[Info-vax] Kittson question

terry+googleblog at tmk.com terry+googleblog at tmk.com
Thu Jan 1 20:11:44 EST 2015


On Thursday, January 1, 2015 5:32:30 PM UTC-5, JF Mezei wrote:
> Don't emulators emulate only a subset of devices available on those
> systems ? For instance, wouldn't all disks in SIMH appear as "RA" drives
> (DUAx:) instead of SCSI (DKAxxx:) or DSSI (DIAx:) ?
> 
> Does an application really care if the disk is DUA0: DKA100: or DIA0: ?

For the case where we're talking about "directly-attached spinning rust", probably not - you can work around most of those issues with logical names. I'm sure some customer has hard-coded things in a way that there will be a problem if they try to move to an emulated environment.

Where things get more complicated is when the existing environment presumes some sort of access to a SAN - for example, Fibre Channel on Alpha. Moving such a system into an emulator presumes that the emulator can pretend to be the host adapter (an Emulex widget, IIRC) to the emulated VMS, and can also communicate to the external SAN via a (probably non-Emulex) FC host adapter in the host system. In addition to supporting both of those, there needs to be a way for the emulator to pass raw commands (as received from VMS) to the physical adapter, possibly translating data structures along the way.

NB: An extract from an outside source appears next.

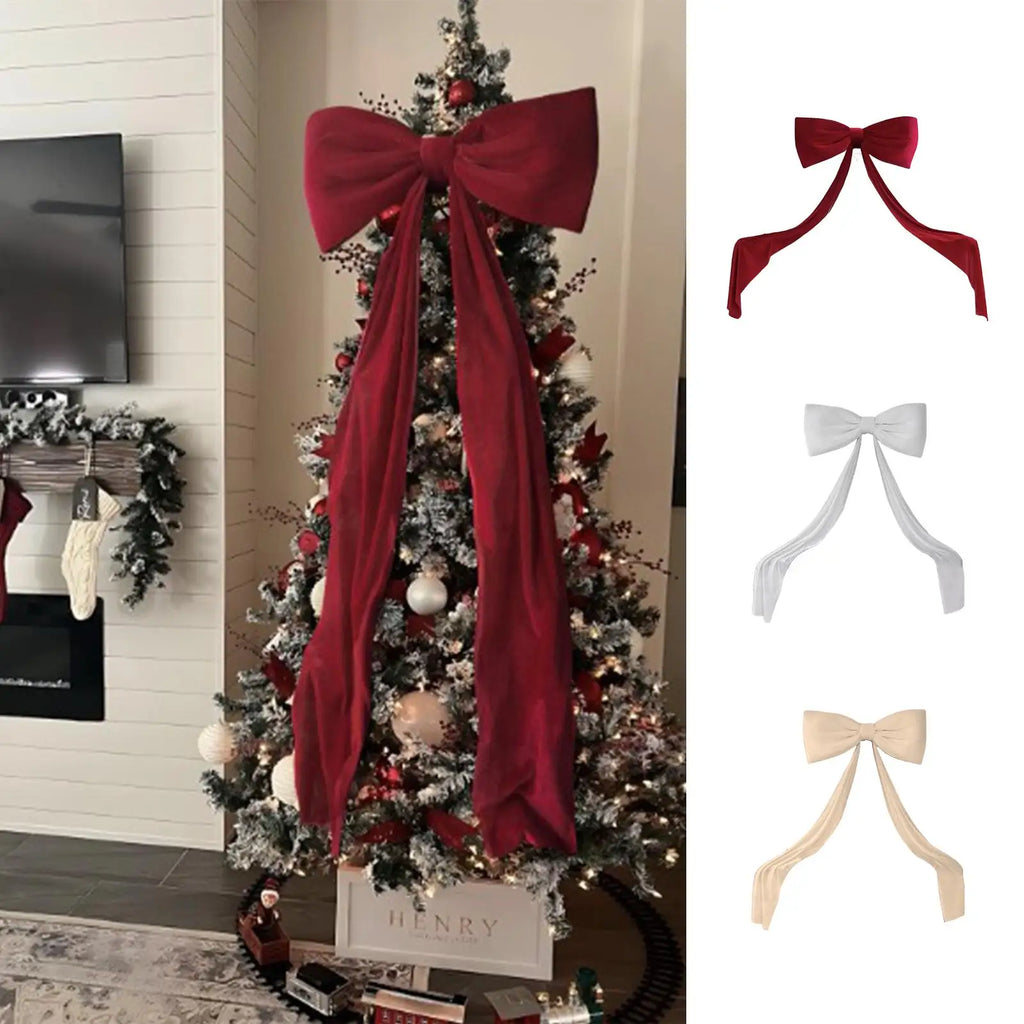 Large Velvet Bow Christmas Tree Topper – 8 Inch Holiday Decor Christmas Tree Topper Qme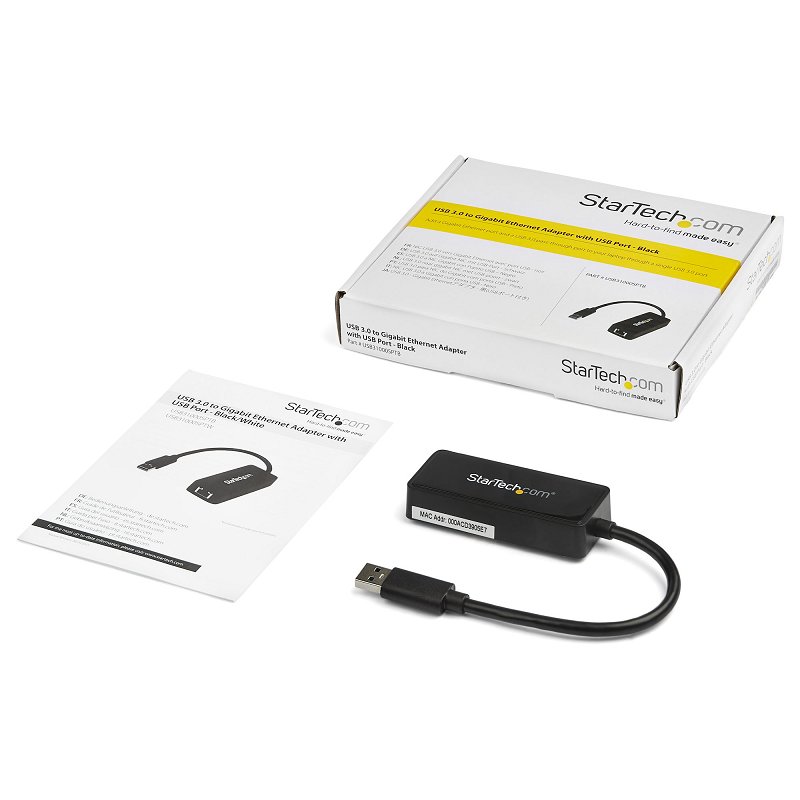 StarTech USB31000SPTB USB 3.0 to Gigabit Ethernet Adapter NIC w/ USB Port - Black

Even when an emulator wants to talk to "vanilla" peripherals on the host system, some level of translation may be required. On my FreeBSD system running the AlphaVM emulator, AlphaVM can translate SCSI IDs/LUNs on-the-fly, as well as converting between 6-byte and 10-byte CDBs. It can also override the device info returned to VMS and emulate some of the quirks of VMS peripherals. I have been able to have a LTO library attached via SAS pretend to be a SDLT600 drive on a local SCSI bus in the emulated system. I've even tested using SATA drives in a RAID array on a SAS controller as a system disk. Note that this is using the physical drives; not normally done except for data migration purposes. Normally the VMS "disk drives" appear as simple files in the host system's normal filesystem, not on dedicated drives.